First thing this morning I saw a Facebook post by my older daughter in which she expressed how difficult it was to get other parents to volunteer at her daughter’s school. I read the couple of commiserating comments and then jumped in with my remedy. It was as reflexive as when my 30-year old doctor hits my knee with that little rubber hammer she keeps in her doctor coat pocket.

I knew just how to motivate those other parents. I was on top of it.

So then I went to get dressed for my umpteenth meeting about homelessness and it occurred to me.

Really? You’re telling a 41-year old person who is an executive in a major health care institution how to deal with her problem mobilizing parent volunteers? Are you supposing she’s never run into recalcitrant co-workers or subordinates, that she’s never had to use her cleverness to get people to follow her lead?

The internal discussions one has in the bathroom putting on make-up can be killers.

So, when was it that you organized parent volunteers, Jan? Well, never, actually. I tried to avoid anything beyond signing the paper that let my kids do stuff other people organized.

Okay, I thought to myself. So you not only have decided that you need to give this grown woman, your daughter, directions on how to get parents to volunteer, you also have never actually done it yourself. Am I getting this straight?

I dropped my mascara and went back to Facebook to delete my comment from her post.
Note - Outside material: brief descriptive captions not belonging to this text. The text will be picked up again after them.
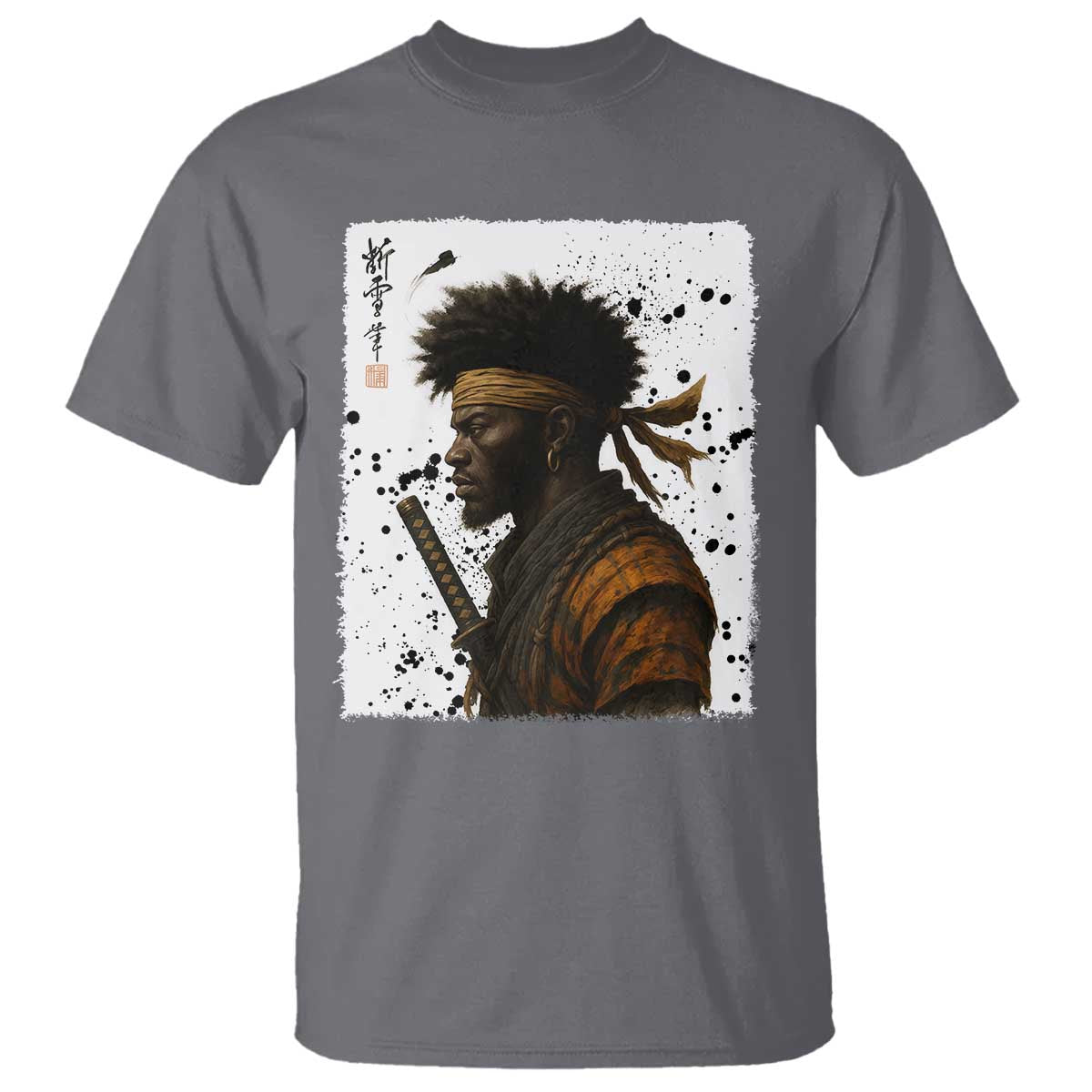Afro American Samurai T Shirt Japanese Vintage Graphic Sumie Katana - Wonder Print Shop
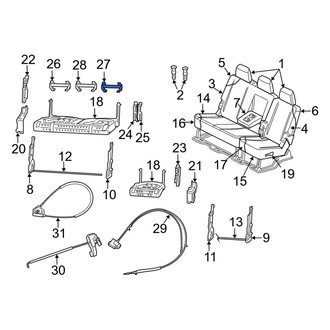 Ram OE - Rear Left Outer Seat Hinge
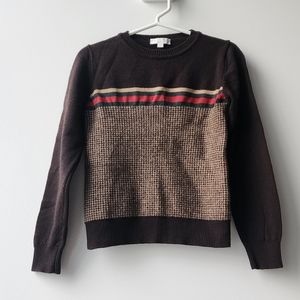 Gucci Houndstooth Stripe Wool Knit Sweater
What a know-it-all I can be, I thought.

No, that’s not it. I’m her mother.

I have four kids. They are all adults. Still when they have problems or when I sense they have problems, I am all over it like a fucking machine. I’m like the ATM of problem-solving. It’s crazy.

When they were actual kids, I probably solved less than 50% of their problems. They grew to understand my essential powerlessness over their lives long before I did. This makes their tolerance of me and my inevitable list of solutions all the more amazing. They must really love me if they listen to all this stuff I tell them.
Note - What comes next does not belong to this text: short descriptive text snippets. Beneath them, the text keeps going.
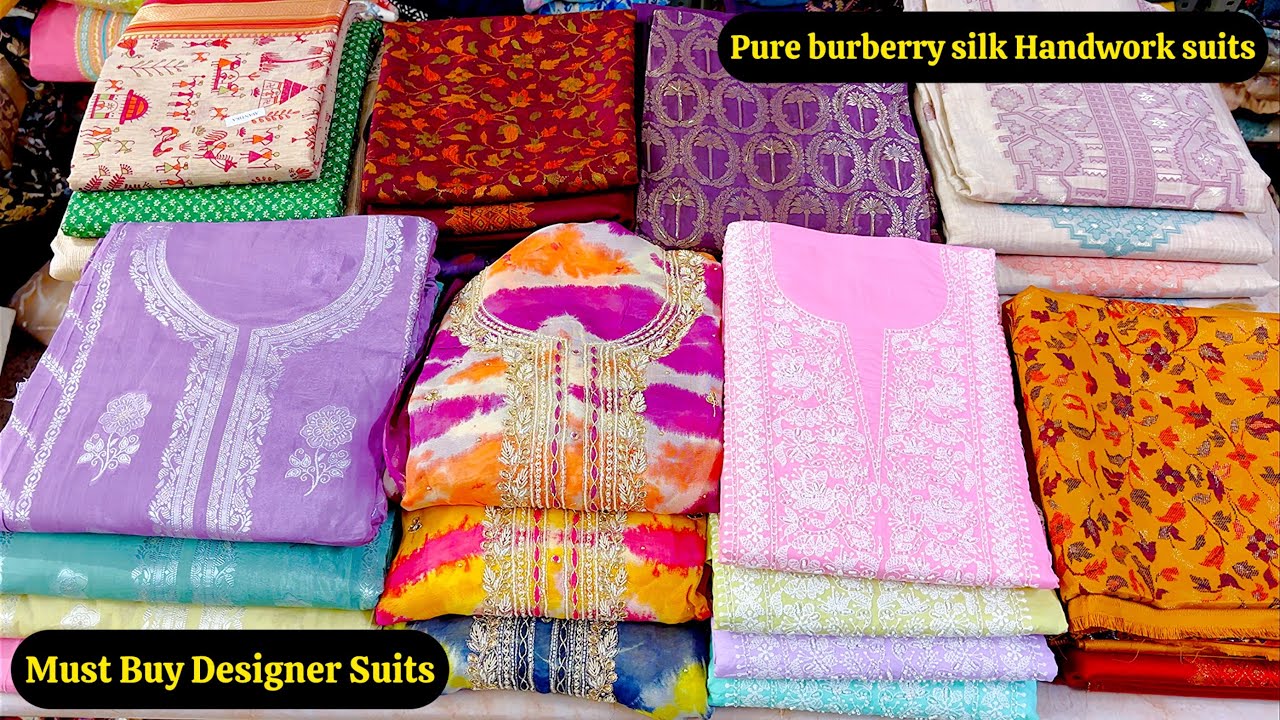 Pure burberry silk suits🌹Jamawar Kashmiri kani suits🌹Cotton Lucknawi suits🌹Jamdani jamawar suits🌹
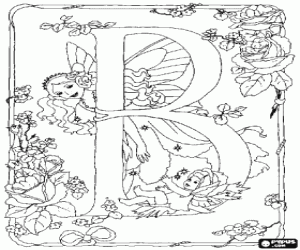 Colorear Letra B con una hada y una beb� hada y rodeada de flores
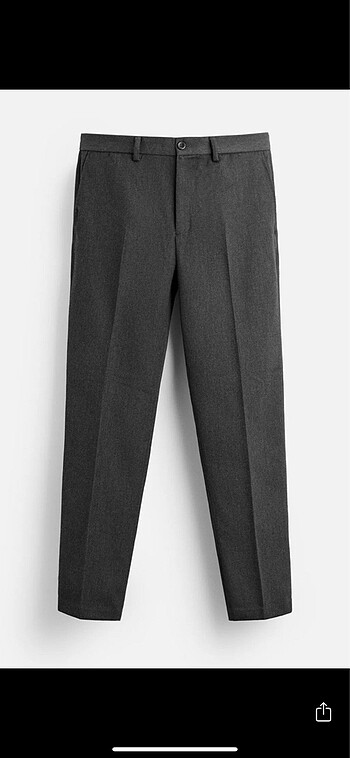 38 Beden gri Renk Zara Straight Fit Yünlü Twill Pantolon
Lately, well, this morning, I have started a new approach. When my kids have problems, I’m going to ask myself this question: Is this my problem to solve?
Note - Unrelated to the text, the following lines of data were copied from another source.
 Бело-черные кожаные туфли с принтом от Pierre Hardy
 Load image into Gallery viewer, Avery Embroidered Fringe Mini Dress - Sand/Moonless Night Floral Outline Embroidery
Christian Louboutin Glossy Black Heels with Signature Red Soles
No. It’s not. Stand down, Mama. Go read a book, knit yourself a sweater, solve homelessness.

Get over yourself.



9 Comments on “Stand Down, Mama

  1. thanks so much for this! I’m a single parent of one grown up daughter so this is me with bells on. And I used to be a careers adviser, so of course I know what people should do with their lives. I’d better go look for my puppy…..

  2. The chair of my dissertation committee was a women in her late 60’s, who had a Ph.D., was successful in her profession, had raised 11 children and was still wondering what she could do that was amazing enough to make her mother realize she was an adult.

  3. I moved a long way away from my kids, partly so that I wouldn’t try to run their lives. It’s soooo tempting, even though, like you, I solved less than 50% of their problems when I was entitled to try!

  4. This is a hard lesson for us Moms to learn. As our children maneuver their way to adulthood, we are there to push, to pull, to guide. Finding that delicate balance of knowing when to step back & let go takes us awhile to grasp!

  5. I think I’m going to send this to my mother 😉 I’m 37, I’ve lived in my own for 20 years and have a 16 year old son, 2 cats, and a lizard, all of whom I’ve managed to keep alive and healthy. Still, I can’t even LOOK tired without being given advice on stress and diet and chamomile tea. The funniest part is that I already have to talk myself down from doing the same thing to my kid. You’re just a mama bear, it’s instinctual to think you’ve got it all down pat 😉

    • But then there comes a time when all of a sudden it’s the kid who knows everything! I remember that with my dad -suddenly thinking as he got older and older that I knew exactly what he should do with his life. He quickly disabused me of that kind of thinking though. 🙂

  6. What a couple of my sisters call “not my puppy” . . . if it’s my puppy, I have to take care of it; if not, I don’t. Simple, isn’t it? I’m a problem-solver by nature, too, and if I lived near my sons, I suspect I’d be doing much the same. So it’s a good reminder just now to think about if it’s my puppy before I start taking care of it.